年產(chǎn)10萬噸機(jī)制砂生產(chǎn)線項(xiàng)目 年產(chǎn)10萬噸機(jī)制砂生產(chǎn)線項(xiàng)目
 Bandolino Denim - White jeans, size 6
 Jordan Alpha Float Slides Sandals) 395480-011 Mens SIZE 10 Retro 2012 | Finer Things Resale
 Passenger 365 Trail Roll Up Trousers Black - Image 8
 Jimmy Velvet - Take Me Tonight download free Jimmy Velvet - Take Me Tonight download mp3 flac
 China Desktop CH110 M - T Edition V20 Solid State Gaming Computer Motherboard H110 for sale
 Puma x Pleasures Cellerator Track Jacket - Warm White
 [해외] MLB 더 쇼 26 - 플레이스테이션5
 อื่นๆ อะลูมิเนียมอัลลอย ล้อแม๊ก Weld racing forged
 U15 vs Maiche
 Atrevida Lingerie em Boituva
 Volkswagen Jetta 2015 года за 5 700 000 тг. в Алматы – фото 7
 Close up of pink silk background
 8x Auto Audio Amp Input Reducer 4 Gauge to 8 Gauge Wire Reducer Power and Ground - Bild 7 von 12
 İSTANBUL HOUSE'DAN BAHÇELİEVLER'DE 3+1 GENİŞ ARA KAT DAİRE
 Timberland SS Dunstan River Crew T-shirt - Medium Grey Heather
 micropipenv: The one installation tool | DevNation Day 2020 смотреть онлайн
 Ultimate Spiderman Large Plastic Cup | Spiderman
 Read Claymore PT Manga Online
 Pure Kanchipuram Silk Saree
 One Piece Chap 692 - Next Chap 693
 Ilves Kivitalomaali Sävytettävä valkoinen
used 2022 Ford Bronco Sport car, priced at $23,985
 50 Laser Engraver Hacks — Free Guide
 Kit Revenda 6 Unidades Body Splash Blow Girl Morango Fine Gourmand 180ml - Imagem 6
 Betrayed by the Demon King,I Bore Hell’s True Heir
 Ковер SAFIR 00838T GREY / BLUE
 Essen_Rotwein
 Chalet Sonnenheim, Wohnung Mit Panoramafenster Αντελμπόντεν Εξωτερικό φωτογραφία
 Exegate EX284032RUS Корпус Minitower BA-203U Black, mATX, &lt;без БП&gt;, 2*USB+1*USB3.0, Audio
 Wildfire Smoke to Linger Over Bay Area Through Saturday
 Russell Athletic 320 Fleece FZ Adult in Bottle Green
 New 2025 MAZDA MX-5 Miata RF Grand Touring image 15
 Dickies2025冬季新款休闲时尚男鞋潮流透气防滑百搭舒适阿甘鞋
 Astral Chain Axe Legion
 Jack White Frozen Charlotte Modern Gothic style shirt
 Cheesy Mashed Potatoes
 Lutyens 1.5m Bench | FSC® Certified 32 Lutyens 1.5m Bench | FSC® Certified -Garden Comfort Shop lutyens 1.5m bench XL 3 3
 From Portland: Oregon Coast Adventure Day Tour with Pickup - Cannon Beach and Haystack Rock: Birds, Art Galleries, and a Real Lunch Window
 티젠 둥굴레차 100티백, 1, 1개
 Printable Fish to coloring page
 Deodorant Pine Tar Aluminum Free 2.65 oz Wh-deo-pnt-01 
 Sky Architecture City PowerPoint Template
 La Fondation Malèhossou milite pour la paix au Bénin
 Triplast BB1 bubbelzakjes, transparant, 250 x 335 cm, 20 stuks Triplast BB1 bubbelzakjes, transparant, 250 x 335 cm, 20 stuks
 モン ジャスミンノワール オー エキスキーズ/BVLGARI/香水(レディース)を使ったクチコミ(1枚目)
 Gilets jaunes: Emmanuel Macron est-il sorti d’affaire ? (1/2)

* Directions
Start to finish, restate the records above word for word.

* Answer below
年產(chǎn)10萬噸機(jī)制砂生產(chǎn)線項(xiàng)目 年產(chǎn)10萬噸機(jī)制砂生產(chǎn)線項(xiàng)目
 Bandolino Denim - White jeans, size 6
 Jordan Alpha Float Slides Sandals) 395480-011 Mens SIZE 10 Retro 2012 | Finer Things Resale
 Passenger 365 Trail Roll Up Trousers Black - Image 8
 Jimmy Velvet - Take Me Tonight download free Jimmy Velvet - Take Me Tonight download mp3 flac
 China Desktop CH110 M - T Edition V20 Solid State Gaming Computer Motherboard H110 for sale
 Puma x Pleasures Cellerator Track Jacket - Warm White
 [해외] MLB 더 쇼 26 - 플레이스테이션5
 อื่นๆ อะลูมิเนียมอัลลอย ล้อแม๊ก Weld racing forged
 U15 vs Maiche
 Atrevida Lingerie em Boituva
 Volkswagen Jetta 2015 года за 5 700 000 тг. в Алматы – фото 7
 Close up of pink silk background
 8x Auto Audio Amp Input Reducer 4 Gauge to 8 Gauge Wire Reducer Power and Ground - Bild 7 von 12
 İSTANBUL HOUSE'DAN BAHÇELİEVLER'DE 3+1 GENİŞ ARA KAT DAİRE
 Timberland SS Dunstan River Crew T-shirt - Medium Grey Heather
 micropipenv: The one installation tool | DevNation Day 2020 смотреть онлайн
 Ultimate Spiderman Large Plastic Cup | Spiderman
 Read Claymore PT Manga Online
 Pure Kanchipuram Silk Saree
 One Piece Chap 692 - Next Chap 693
 Ilves Kivitalomaali Sävytettävä valkoinen
used 2022 Ford Bronco Sport car, priced at $23,985
 50 Laser Engraver Hacks — Free Guide
 Kit Revenda 6 Unidades Body Splash Blow Girl Morango Fine Gourmand 180ml - Imagem 6
 Betrayed by the Demon King,I Bore Hell’s True Heir
 Ковер SAFIR 00838T GREY / BLUE
 Essen_Rotwein
 Chalet Sonnenheim, Wohnung Mit Panoramafenster Αντελμπόντεν Εξωτερικό φωτογραφία
 Exegate EX284032RUS Корпус Minitower BA-203U Black, mATX, &lt;без БП&gt;, 2*USB+1*USB3.0, Audio
 Wildfire Smoke to Linger Over Bay Area Through Saturday
 Russell Athletic 320 Fleece FZ Adult in Bottle Green
 New 2025 MAZDA MX-5 Miata RF Grand Touring image 15
 Dickies2025冬季新款休闲时尚男鞋潮流透气防滑百搭舒适阿甘鞋
 Astral Chain Axe Legion
 Jack White Frozen Charlotte Modern Gothic style shirt
 Cheesy Mashed Potatoes
 Lutyens 1.5m Bench | FSC® Certified 32 Lutyens 1.5m Bench | FSC® Certified -Garden Comfort Shop lutyens 1.5m bench XL 3 3
 From Portland: Oregon Coast Adventure Day Tour with Pickup - Cannon Beach and Haystack Rock: Birds, Art Galleries, and a Real Lunch Window
 티젠 둥굴레차 100티백, 1, 1개
 Printable Fish to coloring page
 Deodorant Pine Tar Aluminum Free 2.65 oz Wh-deo-pnt-01 
 Sky Architecture City PowerPoint Template
 La Fondation Malèhossou milite pour la paix au Bénin
 Triplast BB1 bubbelzakjes, transparant, 250 x 335 cm, 20 stuks Triplast BB1 bubbelzakjes, transparant, 250 x 335 cm, 20 stuks
 モン ジャスミンノワール オー エキスキーズ/BVLGARI/香水(レディース)を使ったクチコミ(1枚目)
 Gilets jaunes: Emmanuel Macron est-il sorti d’affaire ? (1/2)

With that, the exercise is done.